▶ [Task goal] Omit all pictures. Reproduce exactly the lines from the first line of the records below through the line with "Rombaut SSENSE Exclusive".

▶ [Records shown]
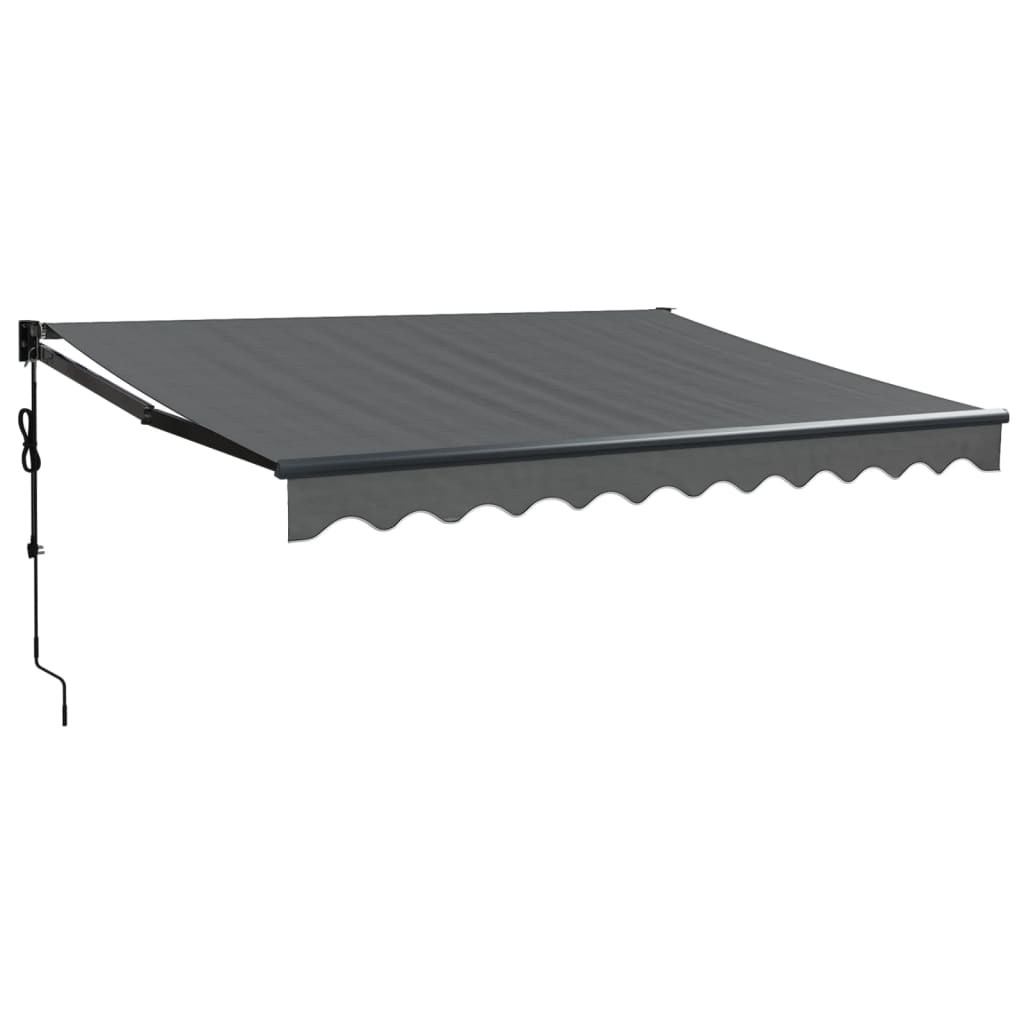Auvent rétractable automatique anthracite 3,5x2,5 m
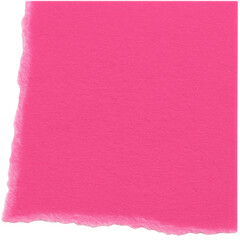 Hot pink scrap paper with torn top edge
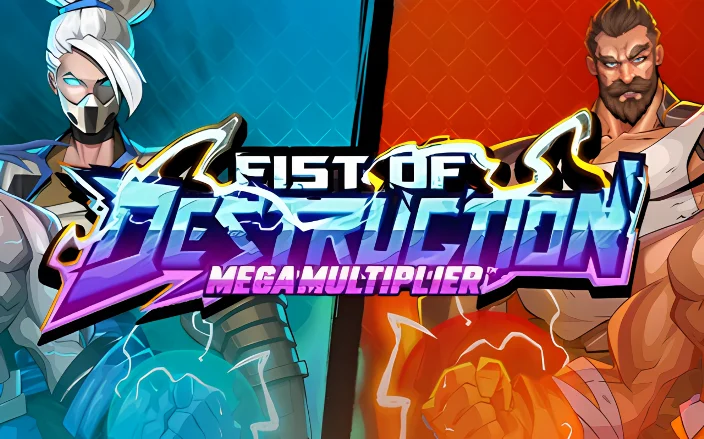 Fist of Destruction Megamultiplier by Hacksaw Gaming — RTP up to 96.23%, High volatility, 15,000x max win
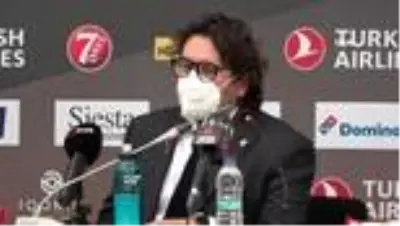 Andrea Trinchieri: 'Son çeyrekte iyi oynadık' Andrea Trinchieri: 'Son çeyrekte iyi oynadık'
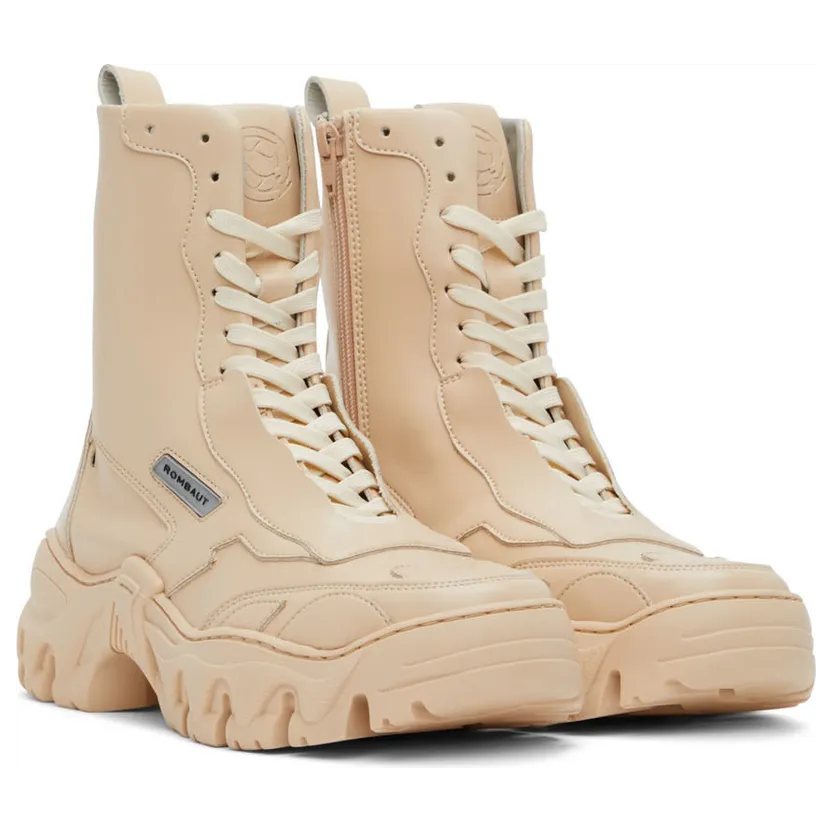 Rombaut SSENSE Exclusive Beige Boccaccio II High-Top Sneakers (S22-B-045) (4)
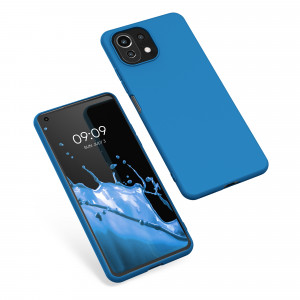 Husa Kwmobile pentru Xiaomi Mi 11 Lite 5G/11 Lite 5G NE, Silicon, Albastru, 54726.228 - Img 2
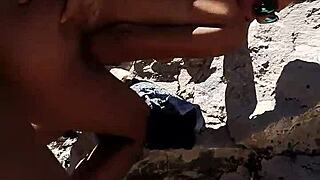 Hot teen hooks up for quick sex on a public beach in thrilling POV action. The waves crash as they get wild outdoors.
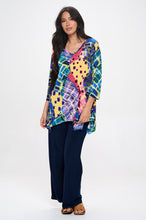 Load image into Gallery viewer, BNS V-Neck Binding Top-3013BN-QRP1-W441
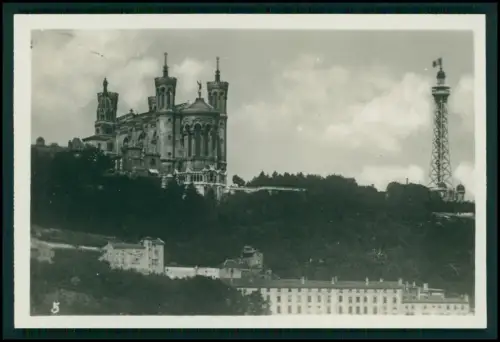 12x Foto im Bildmäppchen- Lyon Altstadt Rhône Saône Basilika Brücke Stadtansicht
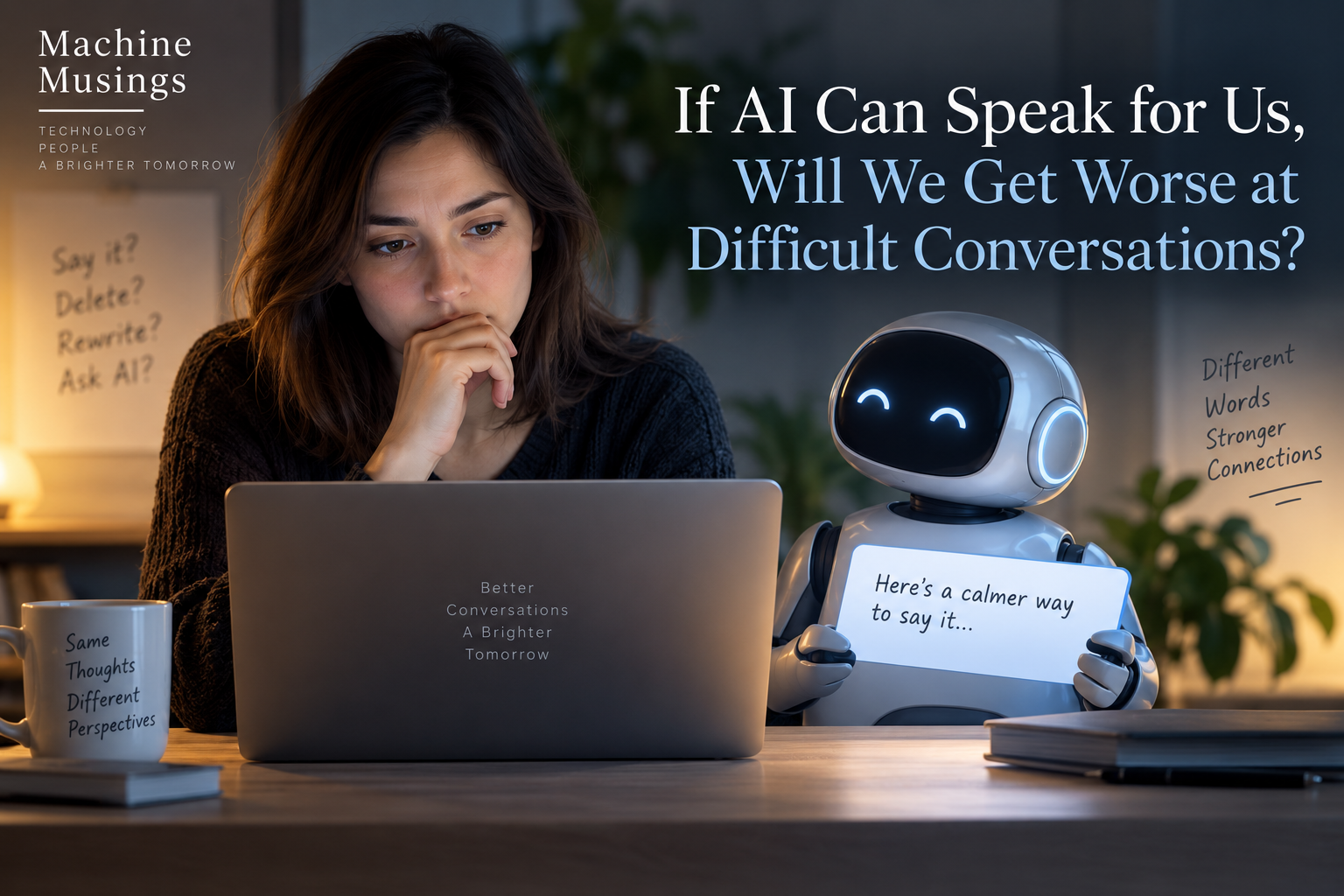 If AI Can Speak for Us, Will We Get Worse at Difficult Conversations?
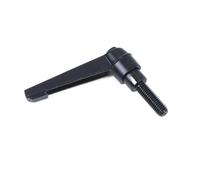 LYVQZPWLR Può essere regolato con la maniglia, Leva di serraggio con impugnatura regolabile M4 M10 filettatura esterna maschio multicolore(Schwarz,Nut M16)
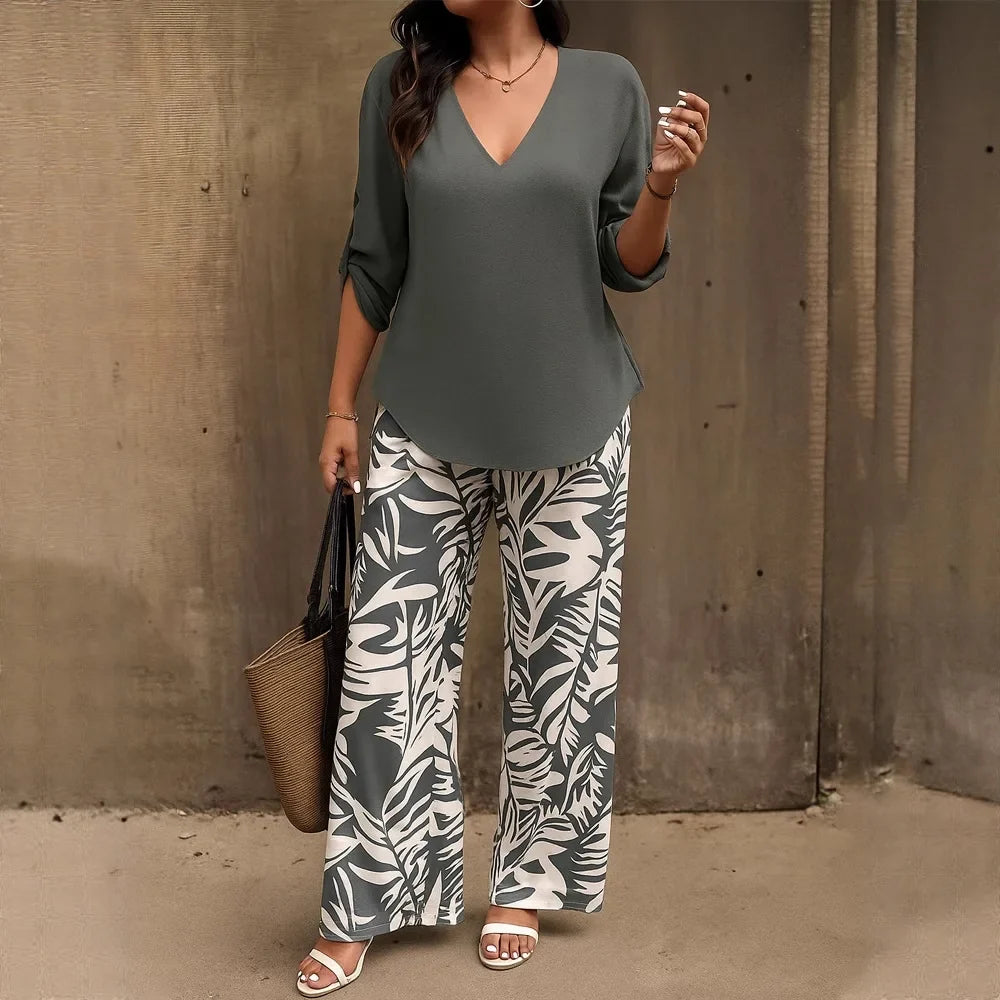 Bellariva™ Set mit Gemusterter Hose und Leichter Bluse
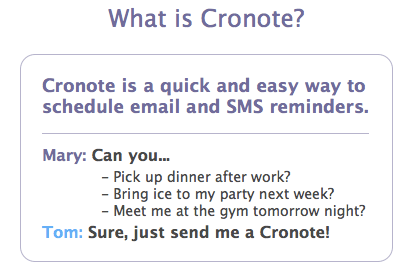 Cronote: Recordatorio programado de correo electrónico y SMS 1025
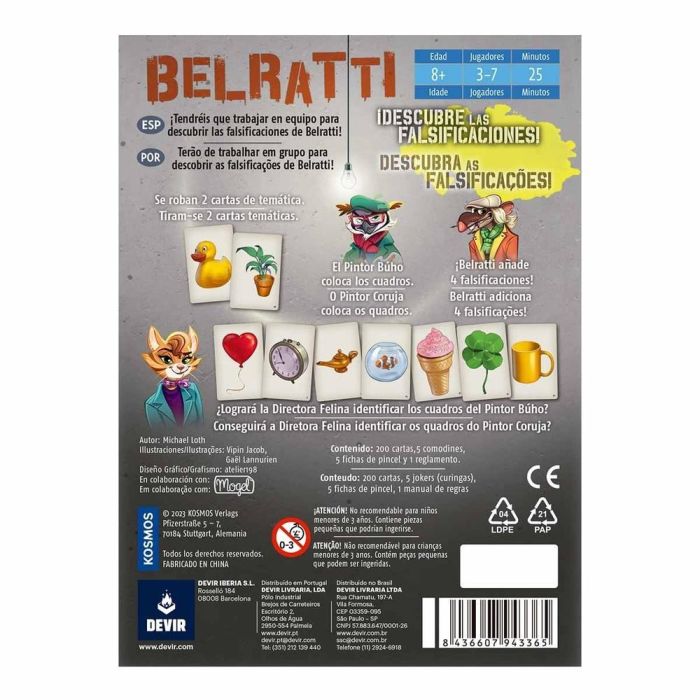Devir Juego de Mesa Belratti - Juego de Cartas para 3 a 7 Jugadores 3 Devir Juego de Mesa Belratti - Juego de Cartas para 3 a 7 Jugadores 3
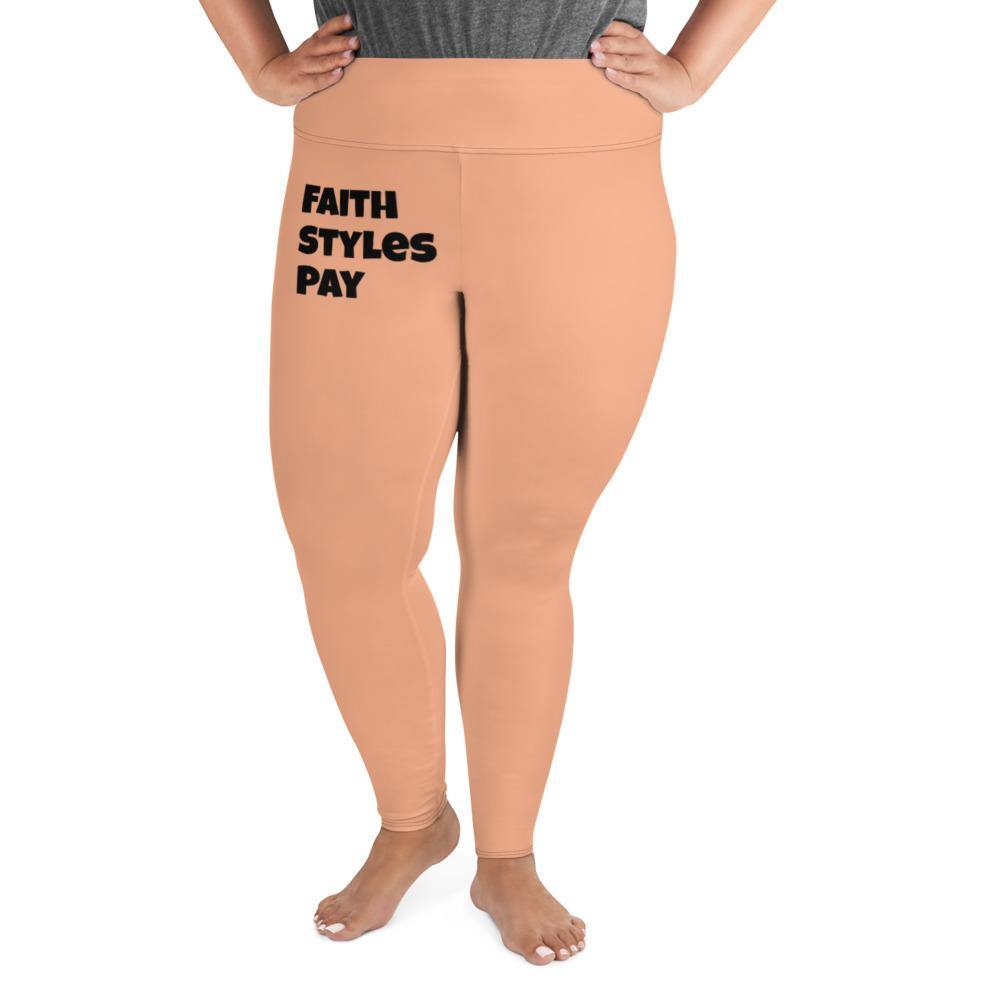 All-Over Print Plus Size Leggings - Faith N Success Dreams 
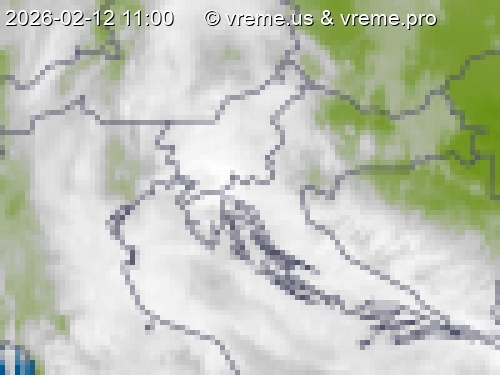 Oblačnost Slovenija
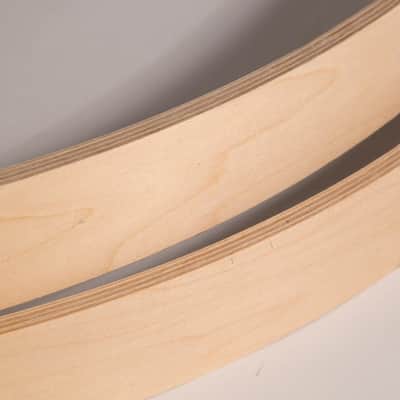24" x 1.5" Keller Maple 12-ply Bass Drum Hoops Rims - Custom Options Available image 2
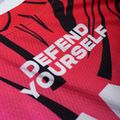 MANTO men's training T-shirt Multi Gradient red-blue MNR513 5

▶ [Response]
Auvent rétractable automatique anthracite 3,5x2,5 m
 Hot pink scrap paper with torn top edge
 Fist of Destruction Megamultiplier by Hacksaw Gaming — RTP up to 96.23%, High volatility, 15,000x max win
 Andrea Trinchieri: 'Son çeyrekte iyi oynadık' Andrea Trinchieri: 'Son çeyrekte iyi oynadık'
 Rombaut SSENSE Exclusive Beige Boccaccio II High-Top Sneakers (S22-B-045) (4)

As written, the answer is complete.